Parlare! Ma il dialogo, quando non si ha nulla da dire, è mero chiacchiericcio, di cui si deve far a meno. Non parlare, ma discutere, e discutere addicendo ragioni. E se ne si hanno tante da eccitare le piazze, se ne potrebbe far menzione nelle stanze parlamentari, piuttosto che nascondersi dietro generici appelli al futuro. Perché, del resto, il futuro di questa nazione è appeso ad un filo, non certo per colpa dei soli ultimi vent’anni.


La riforma approvata in queste ore sarebbe stata una buona riforma. Sarebbe, se qualcuno – chi, non si sa – non avesse avuto l’urgenza di approvarla, al fine di sbandierare in caso di elezioni qualche riforma, delle tante promesse e mai attuate.
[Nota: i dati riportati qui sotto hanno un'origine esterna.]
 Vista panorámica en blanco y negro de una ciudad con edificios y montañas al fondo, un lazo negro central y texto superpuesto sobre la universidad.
Sarebbe stata una buona riforma, se qualcuno non avesse saputo far altro che lanciare alti guaiti, aizzando folle impazzite piuttosto che ascoltare teste pensanti (che ci sono ancora, ma è come se non esistessero). Sarebbe stata un’ottima riforma se, infine, oltre che proporre delle buone norme di reclutamento del corpo docente e di governo dell’università, qualcuno ci avesse messo anche qualche centesimo per farla entrare subito a regime.
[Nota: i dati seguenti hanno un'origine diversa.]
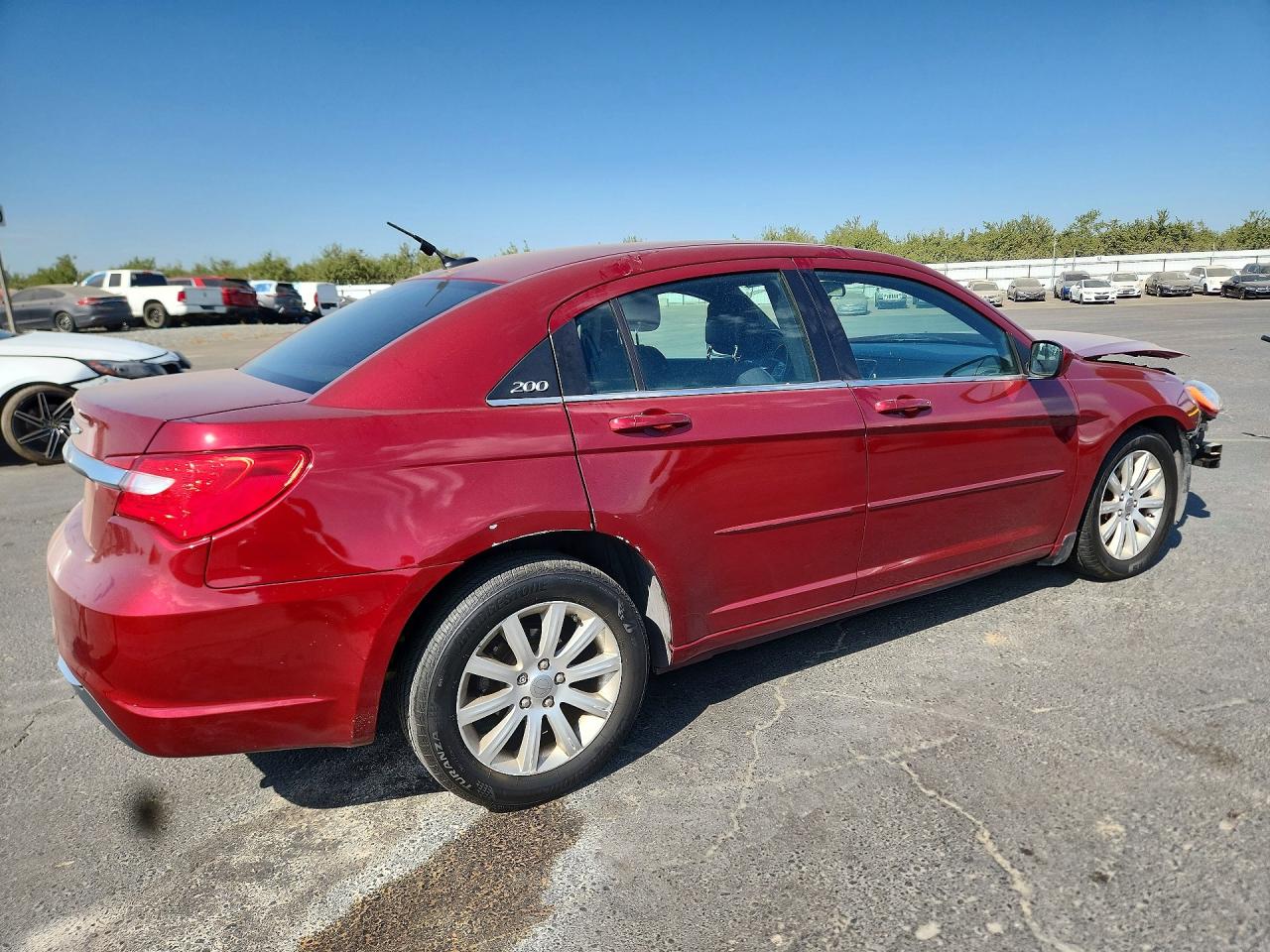 2013 Chrysler 200 Touring Red vin: 1C3CCBBB0DN636235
Non è così. La riforma dell’università è una riforma anonima, frutto di un Paese anonimo. Un Paese in cui la classe dirigente non sa farsi ascoltare per via della propria statura morale e intellettuale, ma per l’impeto degli improperi e per la sconsideratezza con cui propone atti di forza. Maggioranza ed opposizioni sono in perenne guerra civile: piccole menti sanno farsi grandi guerre, perché per scannarsi serve odio e stupidità, per discutere idee. E di idee l’Italia manca. Non è vero quel che dicono taluni facinorosi, che una cattiva università ottunderà la società intera. C’è sempre spazio alle capacità personali. È semmai vero l’opposto, che una società ottusa genera una cattiva università. Noi ne viviamo la perenne conferma.



3 commenti:

Giorgio Israel ha detto...

Gentile Signore,
tanto per la precisione: non ho scritto una sola parola della riforma universitaria. Temo che lei mi confonda con il prof. Alessandro Schiesaro.
Giorgio Israel

Antonio G. Pesce ha detto...

Stimato prof.,
riconosco l'errore. Inoltre, la mancanza nel testo di alcuni corsivi ha in parte falsato il mio pensiero. L'altra parte è stata falsata da una deduzione, assai ardita, frutto anche di alcuni pezzi della stampa.
MI scuso ancora.

Antonio G. Pesce.

Antonio G. Pesce ha detto...

Il pezzo è stato corretto alle ore 11.44 del 24 dicembre 2010.